Copy, word for word, the lines below from the one containing "5047 BT CR SATIN 008 5047 BT CR SATIN 008" up to and including the one containing "Intensive-Long-Lasting-Sunscreen-Ex---60-ml", with pictures left out.

Start of Material for this task

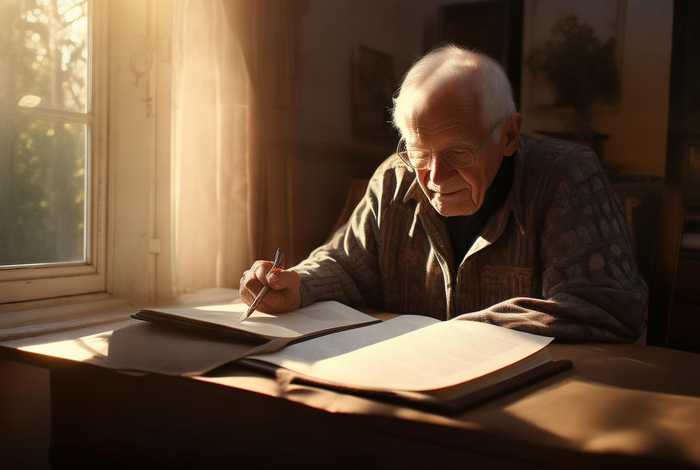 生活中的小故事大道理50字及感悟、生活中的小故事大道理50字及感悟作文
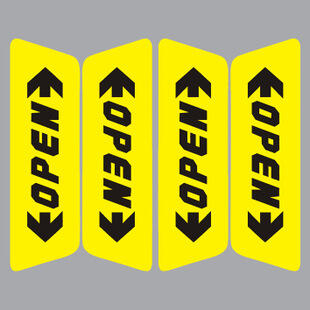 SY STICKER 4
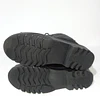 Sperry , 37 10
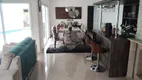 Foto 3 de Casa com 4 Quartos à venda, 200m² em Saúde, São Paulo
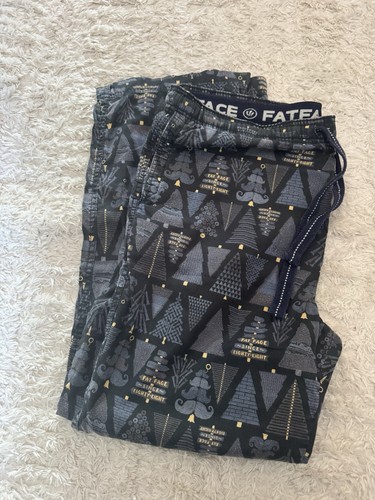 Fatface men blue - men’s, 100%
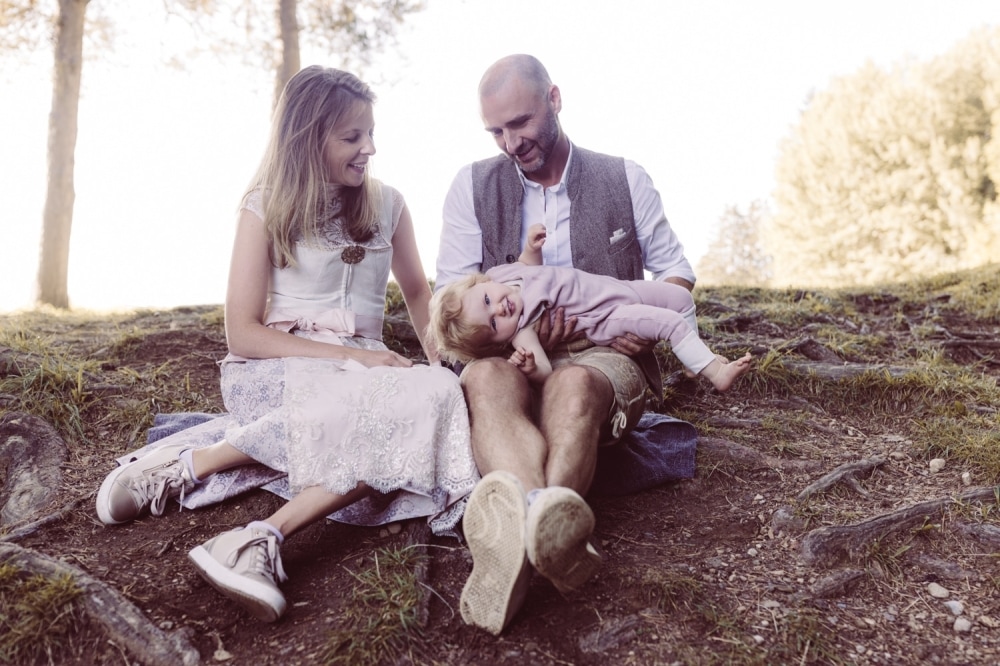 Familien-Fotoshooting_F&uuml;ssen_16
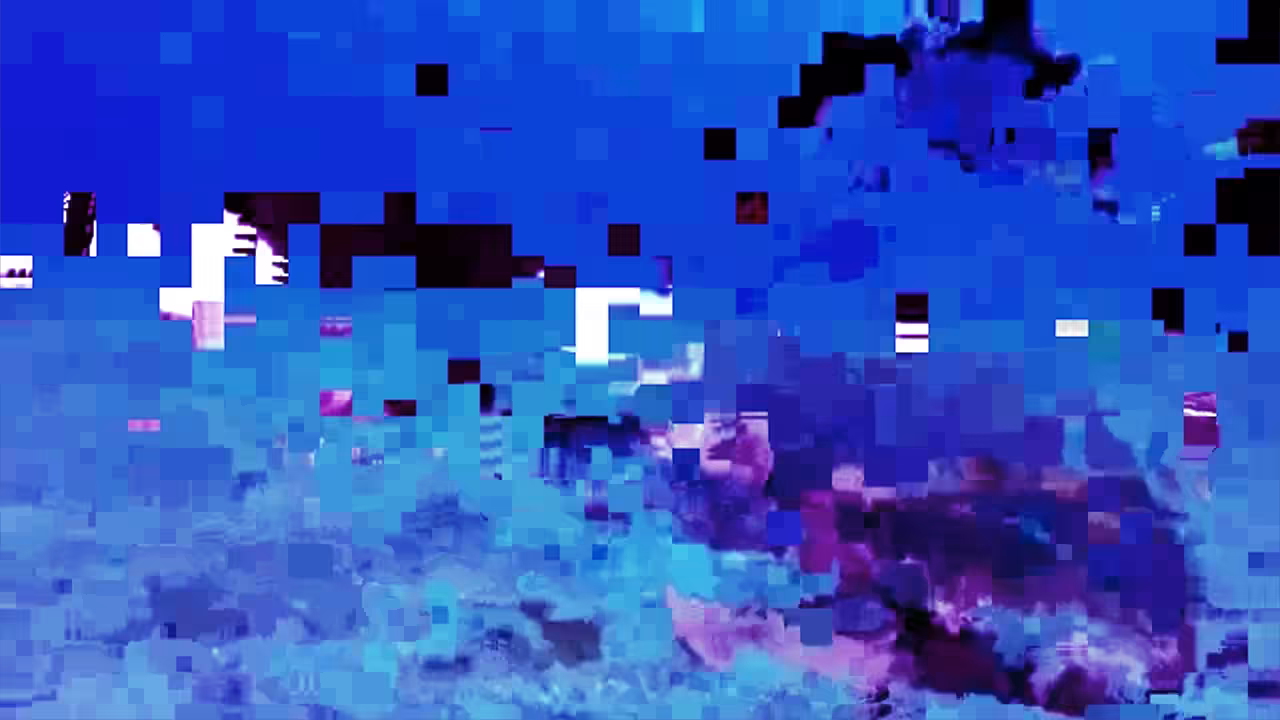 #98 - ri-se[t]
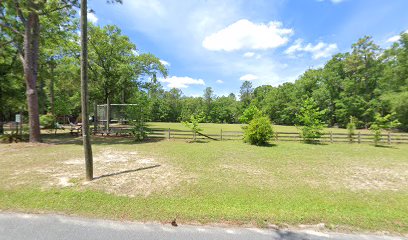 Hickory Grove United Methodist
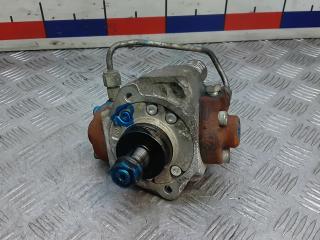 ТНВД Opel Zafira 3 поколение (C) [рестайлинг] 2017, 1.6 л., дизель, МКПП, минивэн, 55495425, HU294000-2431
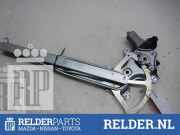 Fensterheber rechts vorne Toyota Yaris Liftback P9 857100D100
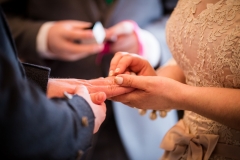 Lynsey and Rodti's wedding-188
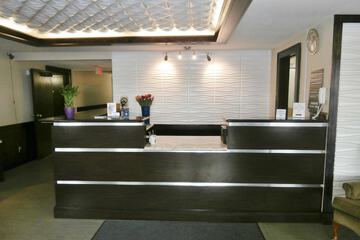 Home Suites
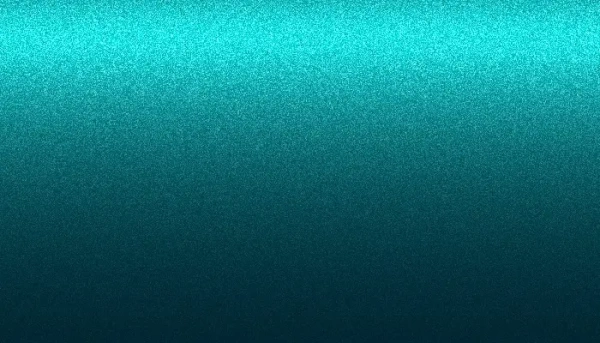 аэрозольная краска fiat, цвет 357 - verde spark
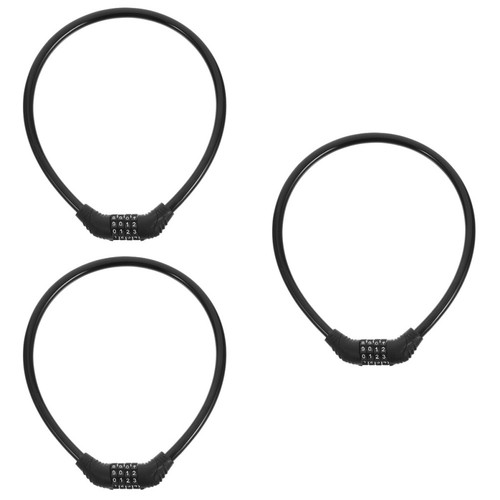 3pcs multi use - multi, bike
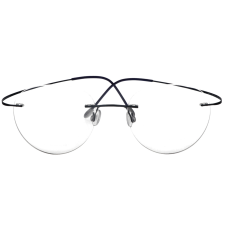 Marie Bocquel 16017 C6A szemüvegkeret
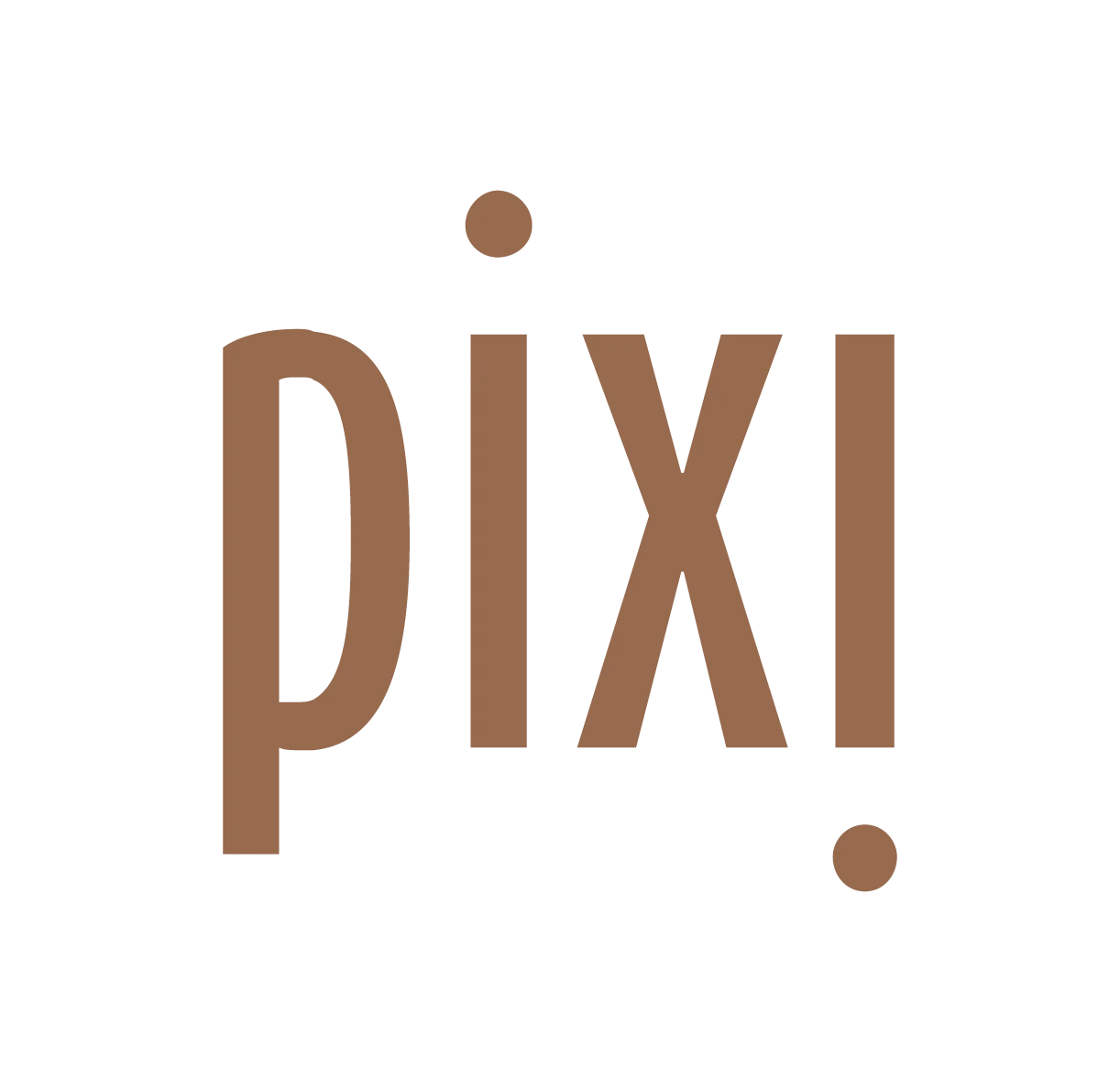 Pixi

End of Material for this task
Start of Material for this task

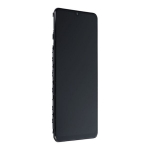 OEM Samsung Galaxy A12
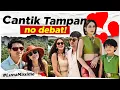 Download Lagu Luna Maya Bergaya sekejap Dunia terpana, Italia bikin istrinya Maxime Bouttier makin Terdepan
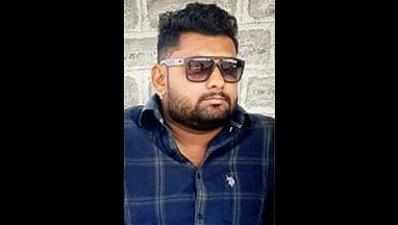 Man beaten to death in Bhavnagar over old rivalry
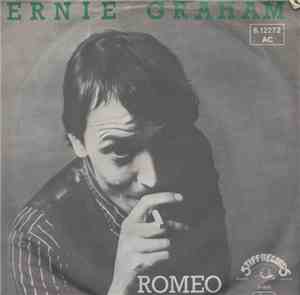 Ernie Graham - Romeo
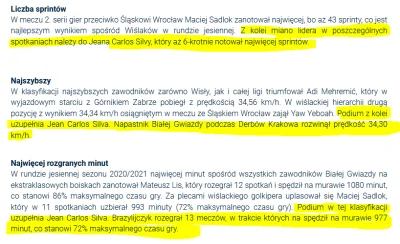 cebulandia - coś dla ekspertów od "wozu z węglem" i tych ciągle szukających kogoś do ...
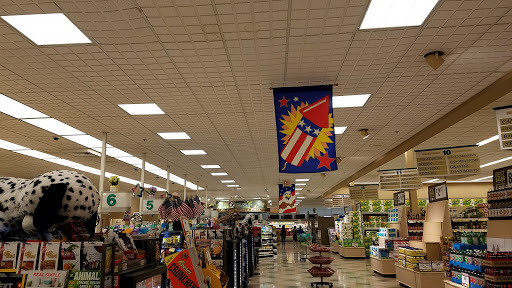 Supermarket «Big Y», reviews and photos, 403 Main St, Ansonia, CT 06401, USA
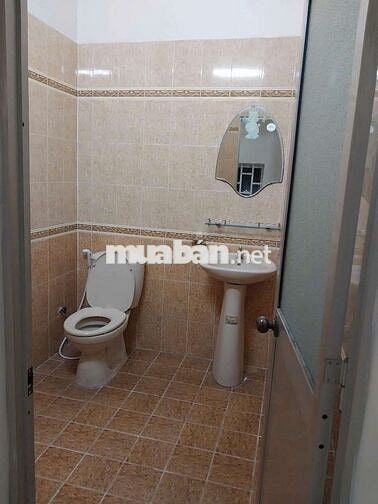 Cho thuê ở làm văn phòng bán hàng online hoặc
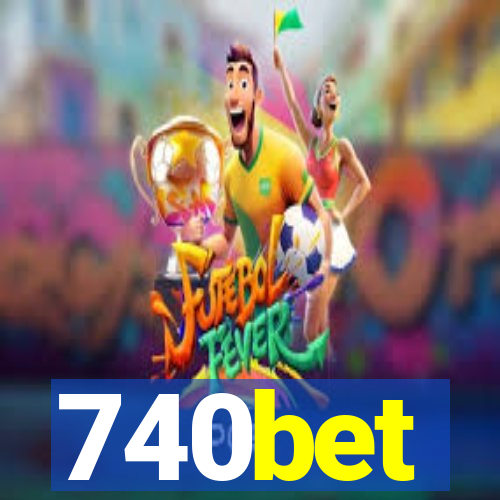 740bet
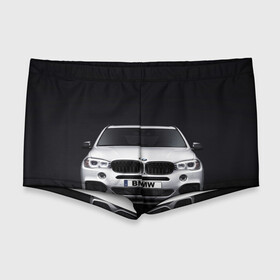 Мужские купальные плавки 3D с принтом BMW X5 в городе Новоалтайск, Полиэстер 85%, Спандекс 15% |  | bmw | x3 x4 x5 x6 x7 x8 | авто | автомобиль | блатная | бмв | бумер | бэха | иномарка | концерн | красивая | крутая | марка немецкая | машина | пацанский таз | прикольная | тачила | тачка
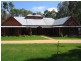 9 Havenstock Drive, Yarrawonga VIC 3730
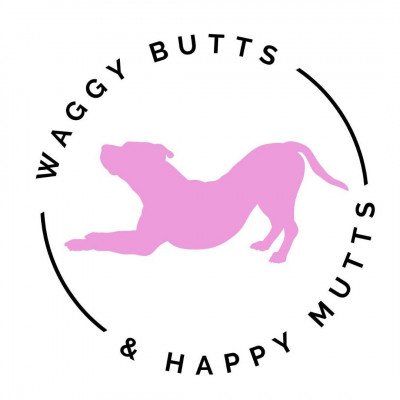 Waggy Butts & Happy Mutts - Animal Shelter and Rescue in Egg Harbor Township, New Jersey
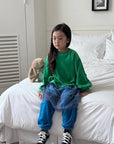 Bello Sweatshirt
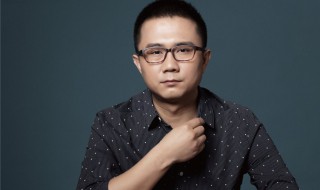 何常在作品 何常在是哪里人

End of Material for this task
Start of Material for this task

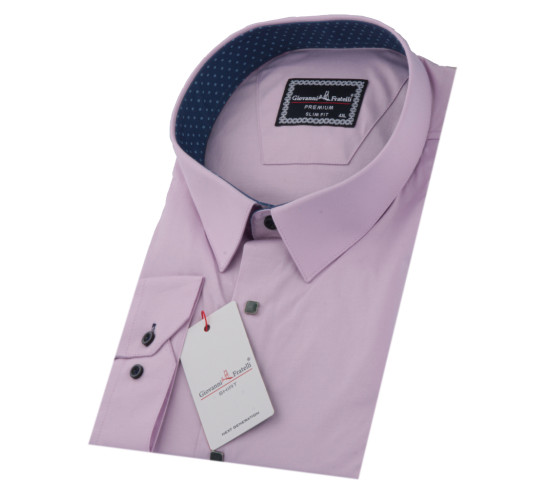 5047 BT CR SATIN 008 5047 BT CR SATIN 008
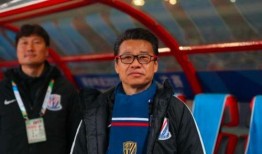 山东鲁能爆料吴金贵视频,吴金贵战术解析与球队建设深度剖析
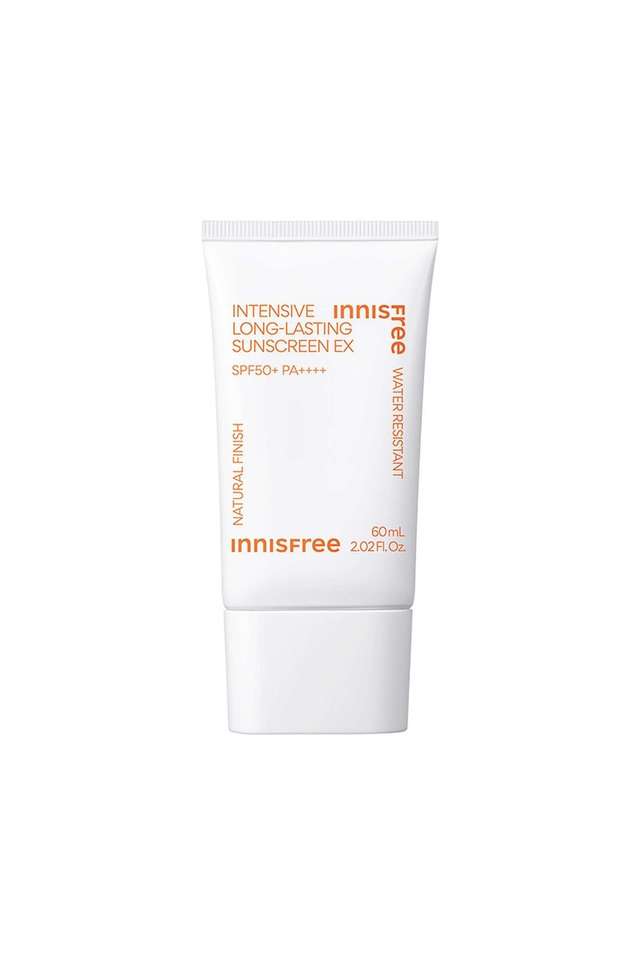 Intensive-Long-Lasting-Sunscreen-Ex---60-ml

End of Material for this task

Worked solution
 5047 BT CR SATIN 008 5047 BT CR SATIN 008
 山东鲁能爆料吴金贵视频,吴金贵战术解析与球队建设深度剖析
 Intensive-Long-Lasting-Sunscreen-Ex---60-ml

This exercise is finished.